The philosophy of fell running is that you the competitor are responsible for your own safety and that you enter a race with this understanding and that you equip and conduct yourself accordingly.

It is therefore essential that you must have appropriate experience in the conditions that may be encountered so that you can manage your own safety.

Full Kit List

  • Waterproof/windproof top
  • Waterproof/windproof legs
  • Hat
  • Gloves
  • Compass
  • Whistle
  • Food and Drink as needed for the conditions
  • Own map of race route (optional - maps are provided but are often poor)
  • Something to carry above in if not needed (Bumbag/Rucksack)

You’ll need to take all of the above with you to the race - even if it looks dry when you leave home. At the race the Race Organiser (RO) will make a decision as to what you need to take with you. When you know what kit you must take with you, you then have to make a decision as to what to wear and what to pack. If like most fell runners, you'll be pondering this right up to the start!

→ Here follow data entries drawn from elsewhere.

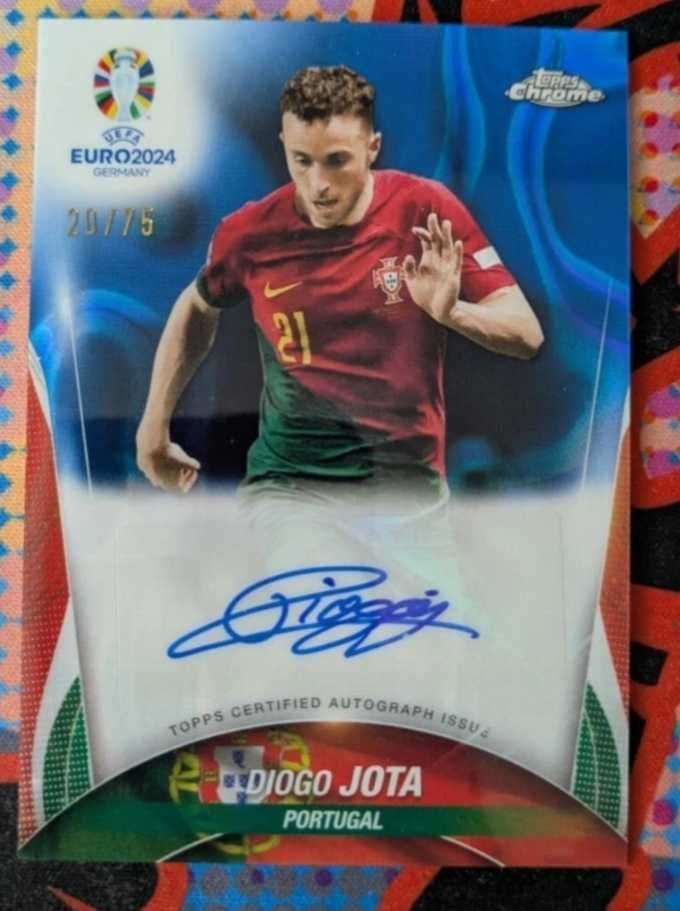 2024 Topps Chrome UEFA EURO: DIOGO JOTA auto 20/75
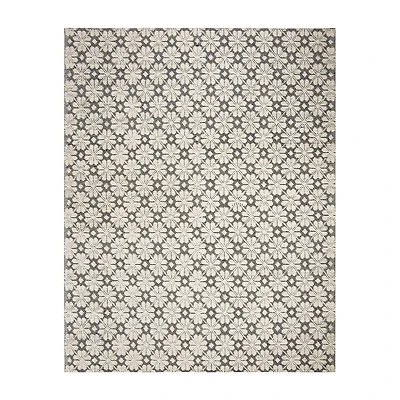 Martha Stewart Rana Floral Woven Indoor Rectangular Area Rug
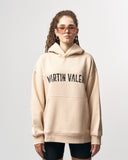 Grieto MV Crack Print Beige Oversized Designer Hoodie (4)
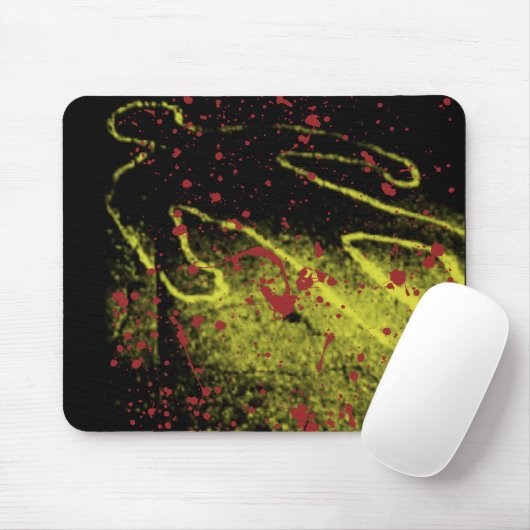 Kreide-Kontur Mousepad (Mit Mouse)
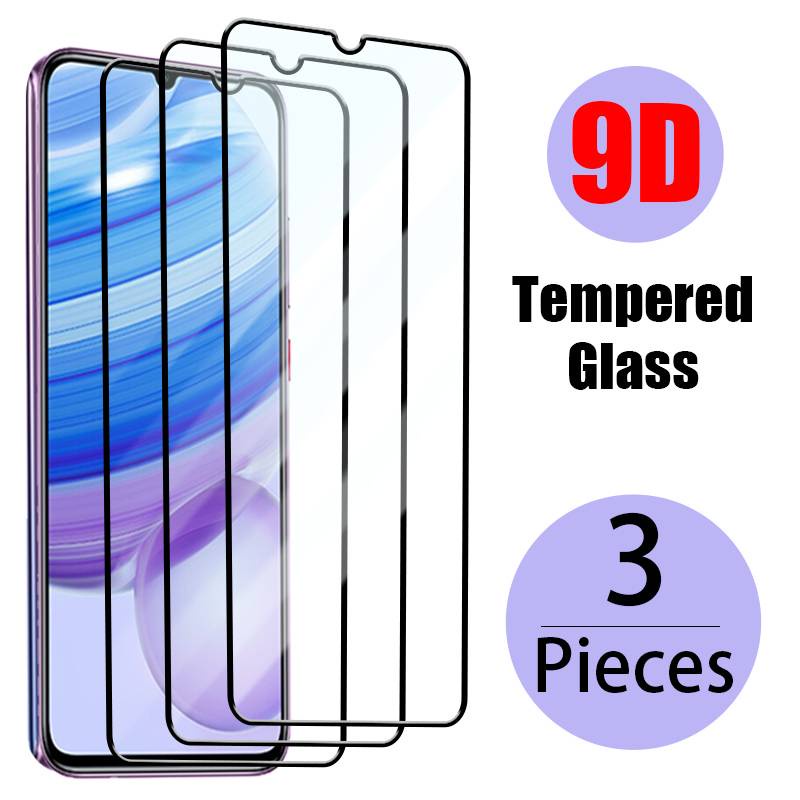 3PCS Tempered Glass for Xiaomi Redmi 9 9A 9C 9T 8A 7A 6A 6 Screen Protector for Redmi Note 9 7 8 Pro 9S 8T 9T Glass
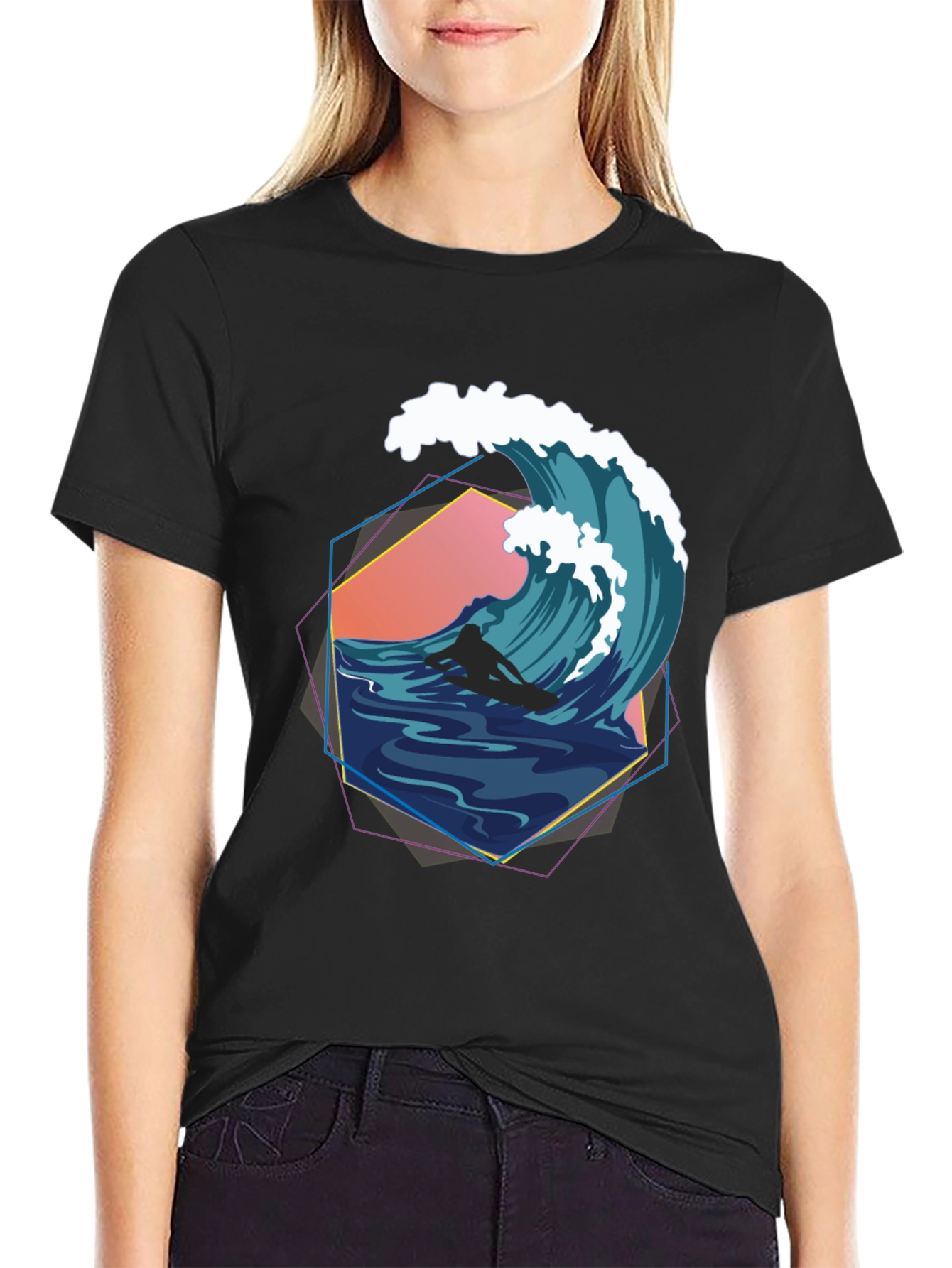 Retro Wave Surfer Graphic Tee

Most fell runners stash all their kit they’re not wearing into a ‘bumbag’ but some use a hydration sack (small rucksack designed to carry minimal gear and a water bladder).

Sometimes you’ll carry nothing at all, your compass and map if you need them, can go in a pocket.

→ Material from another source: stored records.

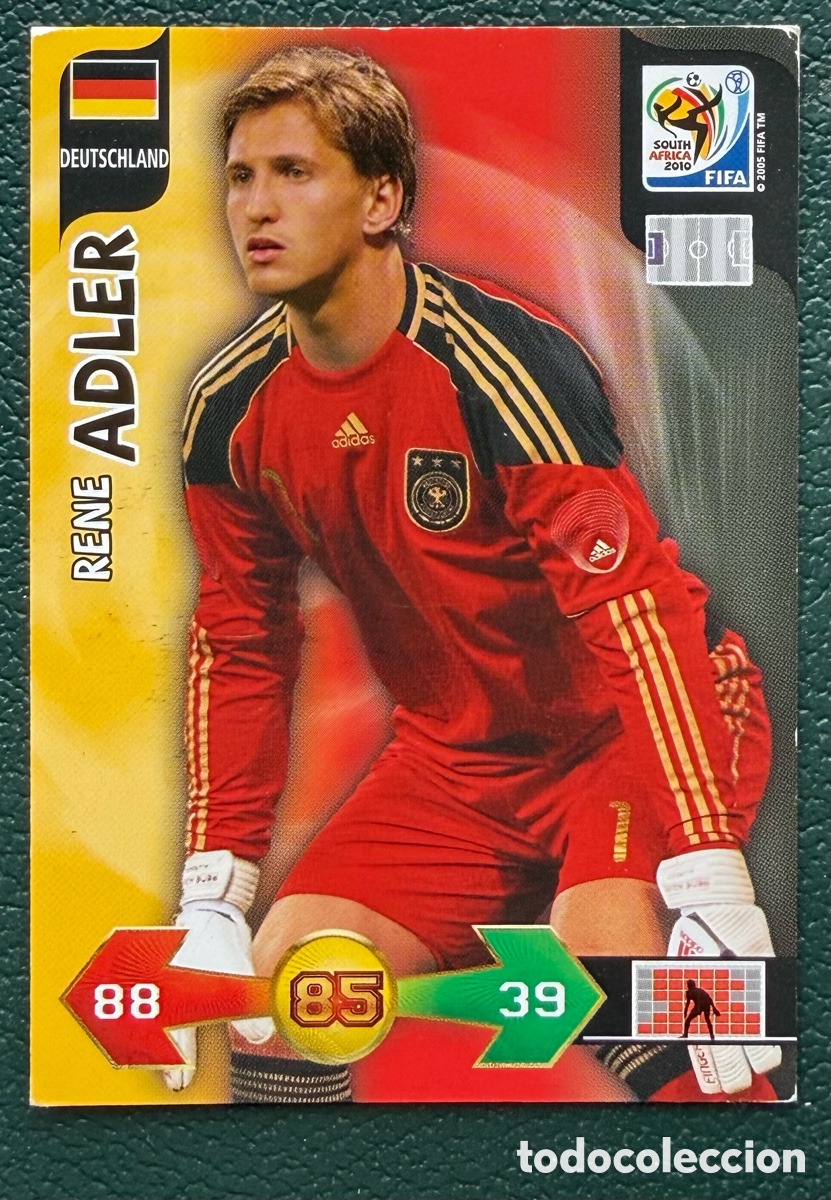 Cartes &agrave; collectionner de Football: RENE ADLER ALEMANIA FICHAS ALBUM ADRENALYN XL MUNDIAL SOUTH AFRICA 2010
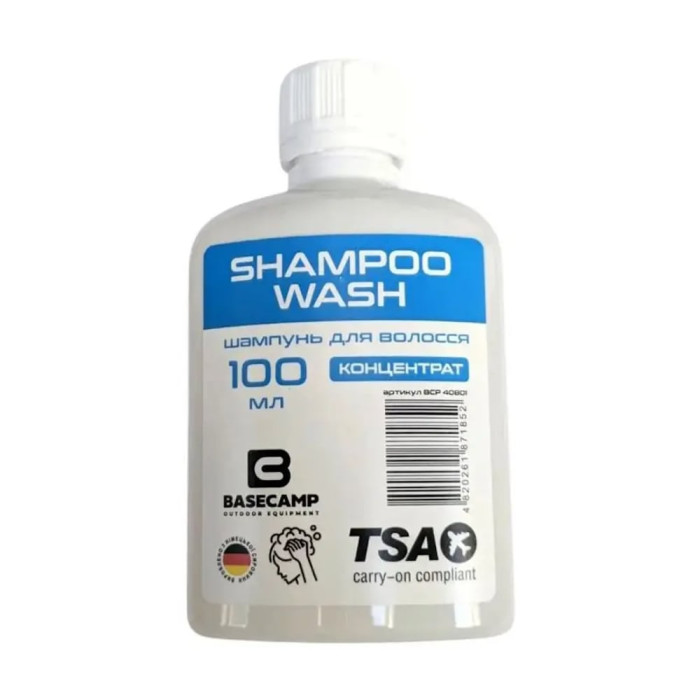 Шампунь для волос BaseCamp Shampoo Wash, 100 ml (BCP 40801)  
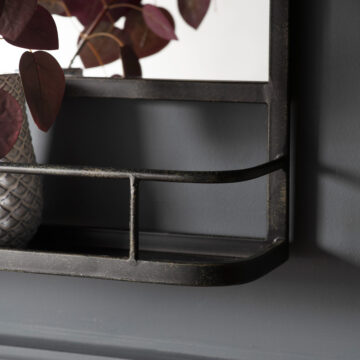 Newland Overmantle Mirror | Assembled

Perhaps the most important piece of equipment are the shoes you wear. Pictured below are the Inov-8 X-Talons. The main characteristics of a good 'fell' shoe:


The grip is provided by widely spaced studs - these clog up with mud less than shoes with treads or closely grouped studs.

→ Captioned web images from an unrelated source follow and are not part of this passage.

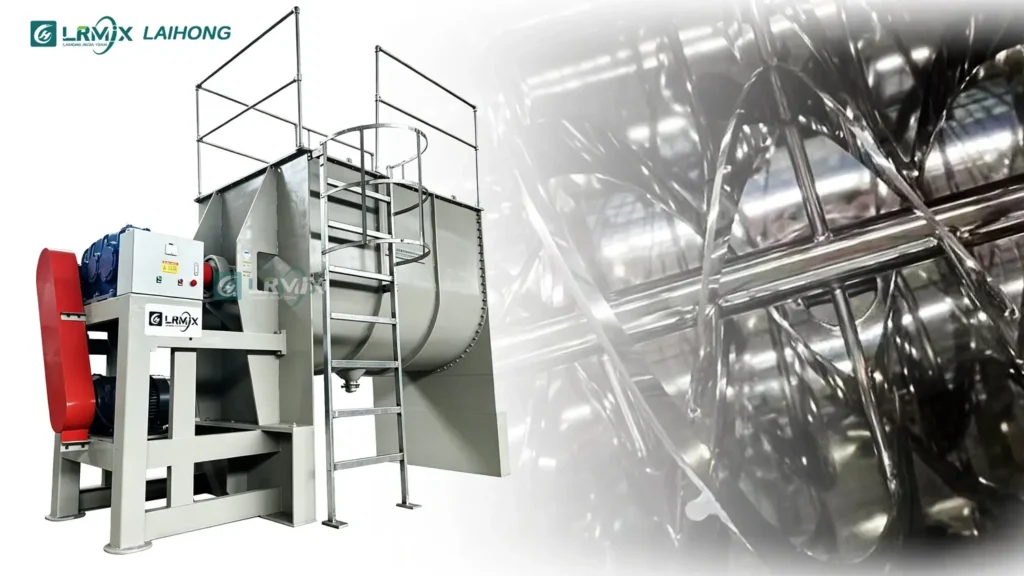 LRMIX 5000L Horizontal Double Ribbon Mixer On-Site Installation at Customer's Facility in Malaysia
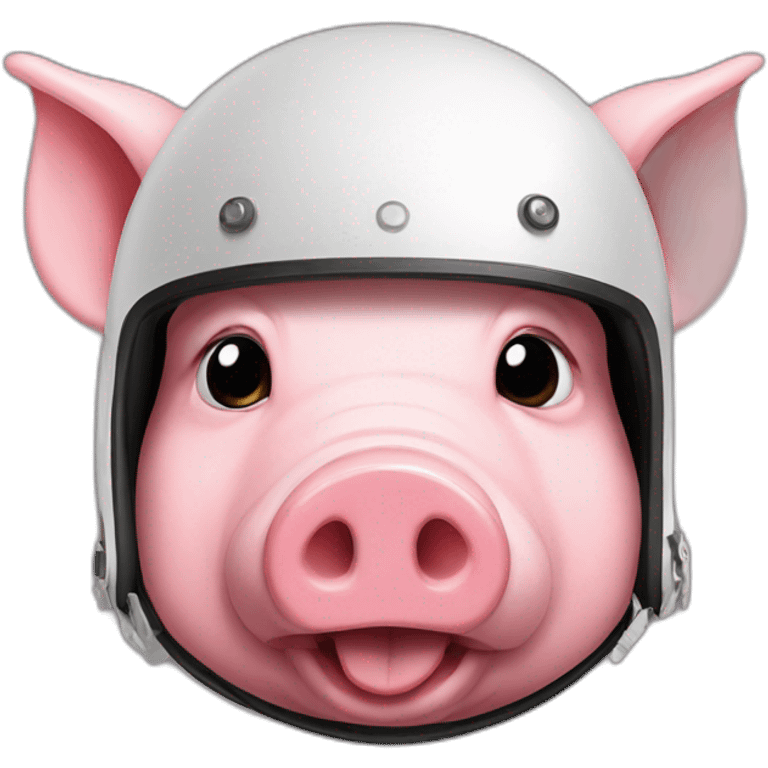 Pig in helmet with letter Z on helmet  emoji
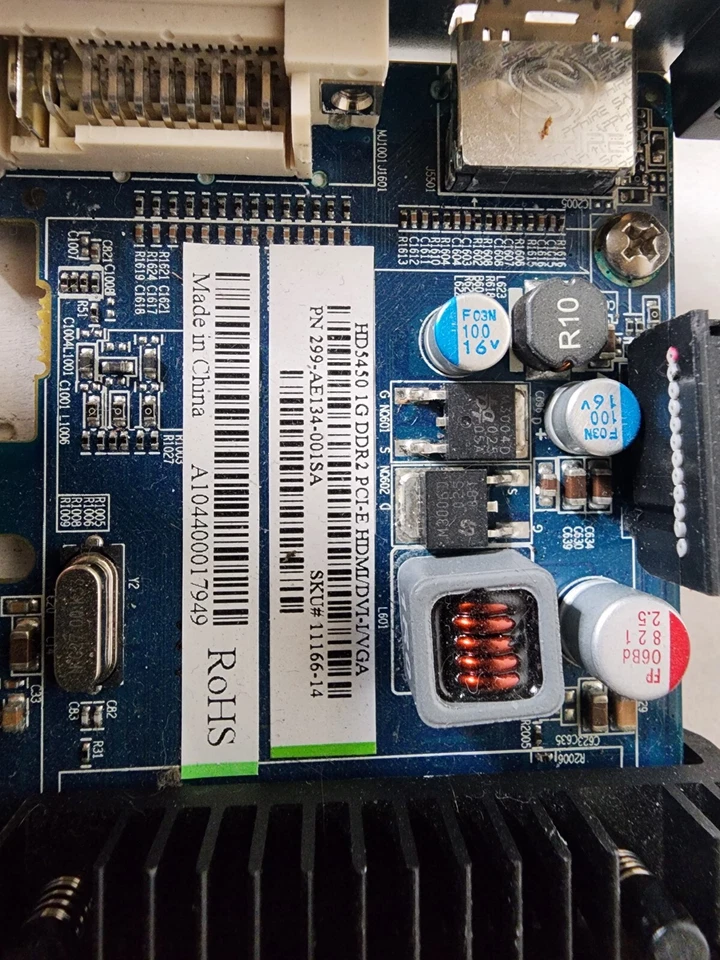 Amd 299-ae134-001sa hd5450 1G Ddr2 Pci-e Hdmi Dvi-i Vga Sapphire Graphics Card - Image 2 of 4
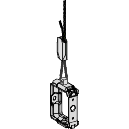 Etrier univ.et cable acier 3 m
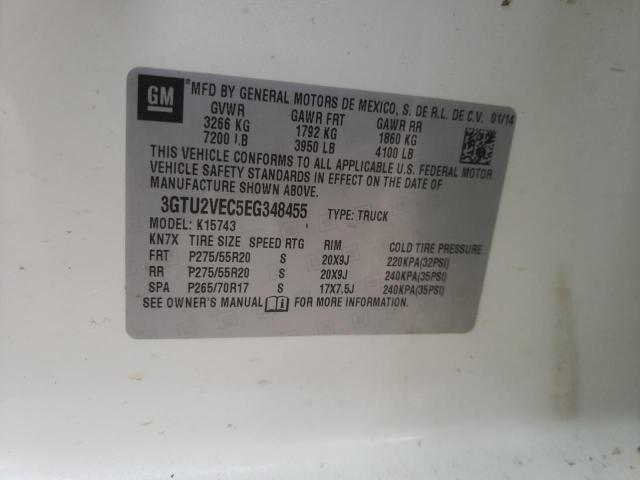 3GTU2VEC5EG348455 GMC Sierra K1500 Slt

There is less mid-sole so they have less cushioning but your feet are in closer contact with the ground for a better feel of the terrain underneath.

The shoe fits the shape of your foot more snugly so your feet do not move around inside the shoes, giving you better control when traversing and descending.

Choosing waterproof tops

The governing body for all the races within this website (WFRA) states:

“Adequate whole body cover, e.g. windproof or waterproof top and legging to give protection against the effects of wind chill, hat and gloves to protect you against hypothermia or heat exhaustion/ dehydration in the severest conditions likely on the day.”

No where is it stated that it needs be made from breathable fabric like Gore-Tex/Event etc. Something cheap is fine

It is perhaps best to take both a windproof top and a waterproof top to the races. Windproof tops like those made from ‘quantum pertex’ can be folded up to fit in the palm of your hand. This kind of top is ideal - it will keep you warm in a chilly wind – but it’s not a lot of good if it’s raining hard.


For very wet conditions you'll need a waterproof. There isn't a lot of point using an expensive Gore-tex winter walking waterproof for a fell race. For those that have run on the hills in bad weather, you will know that there is no garment that will keep you dry as when you sweat the moisture will just end up getting you wet from the inside. So called breathable fabrics do cut down on moisture trapped inside but for most runners they make little difference when running hard in a race.The purpose of a shell type windproof garment is to cut down on wind chill - It’s all about being as comfortable as you can when wet.

Don’t be fooled into thinking that for a short fell race like Craig Yr Allt you won’t need the full kit. The RO may demand it if the weather is bad and you may well end up being glad you wore it! It’s very easy to become hypothermic if you need to slow down or walk for some reason. Hypothermia kills more people in the hills than anything else.